WORK INSTRUCTIONS
Exact copy, no pictures: repeat the data that follows.

---+---

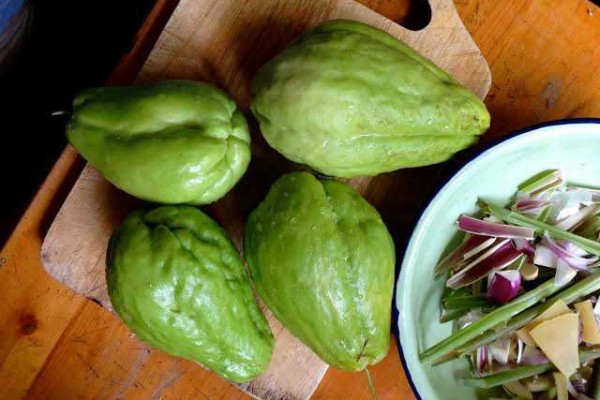 5 Tips Cermat Membersihkan Labu Siam dari Getah yang Membandel, Mudah!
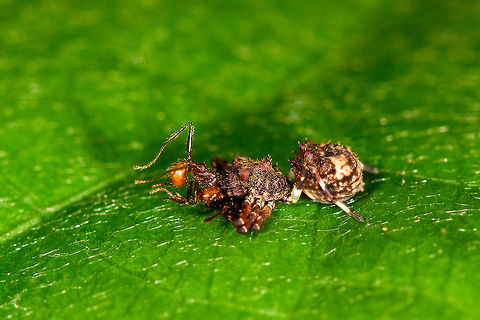 Ant-mimicking crab spider crushing an ant, Orito, Colombia Genus Bucranium, which only has 4 species. Through exclusion of appearance and distribution, Bucranium taurifrons seems most likely, but there's hardly any photos of the 4 species, most seem to leave it at the genus level, except for this one:
https://www.flickr.com/photos/55321611@N07/6302986155

Bucranium taurifrons is also the genus' type species and until recently, the only species in the genus. As it is most often reported and the distribution roughly matches, I'm going for the type species for now.

Also interesting is that the Bucranium genus is split from the Aphantochilus genus. Be sure to search for Aphantochilus for some more incredible ant mimicking spiders! Bucranium taurifrons,Colombia,Colombia 2018,Colombia South,Orito,Putumayo,South America,World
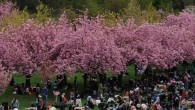 April 30-May 1 During this year’s Sakura Matsuri the cherry blossoms were in full bloom.  The event itself was scaled back a little on the pop culture side.  There were...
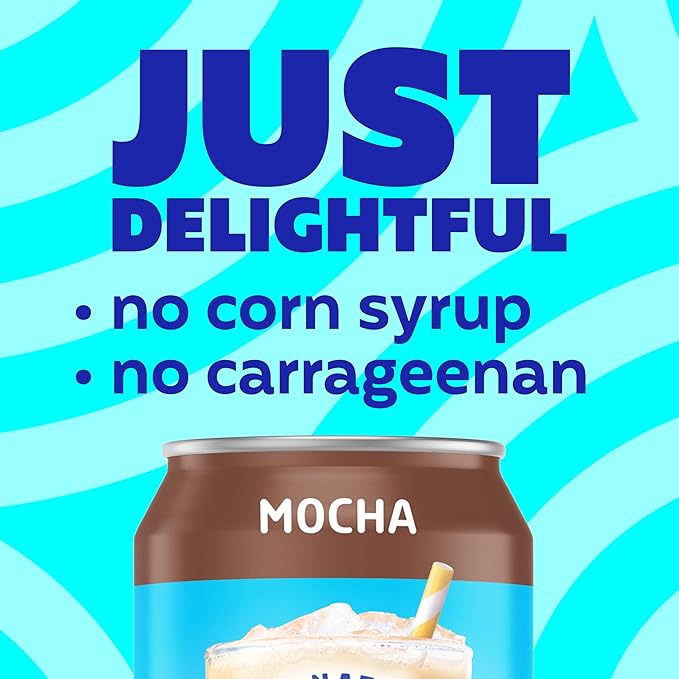 International Delight Iced Coffee Mocha Grab and Go Coffee Drinks Made with Real Milk and Cream 15 FL OZ Can 12 Count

---+---

ANSWER TO THE EXERCISE
 5 Tips Cermat Membersihkan Labu Siam dari Getah yang Membandel, Mudah!
 Ant-mimicking crab spider crushing an ant, Orito, Colombia Genus Bucranium, which only has 4 species. Through exclusion of appearance and distribution, Bucranium taurifrons seems most likely, but there's hardly any photos of the 4 species, most seem to leave it at the genus level, except for this one:
https://www.flickr.com/photos/55321611@N07/6302986155

Bucranium taurifrons is also the genus' type species and until recently, the only species in the genus. As it is most often reported and the distribution roughly matches, I'm going for the type species for now.

Also interesting is that the Bucranium genus is split from the Aphantochilus genus. Be sure to search for Aphantochilus for some more incredible ant mimicking spiders! Bucranium taurifrons,Colombia,Colombia 2018,Colombia South,Orito,Putumayo,South America,World
 April 30-May 1 During this year’s Sakura Matsuri the cherry blossoms were in full bloom.  The event itself was scaled back a little on the pop culture side.  There were...
 International Delight Iced Coffee Mocha Grab and Go Coffee Drinks Made with Real Milk and Cream 15 FL OZ Can 12 Count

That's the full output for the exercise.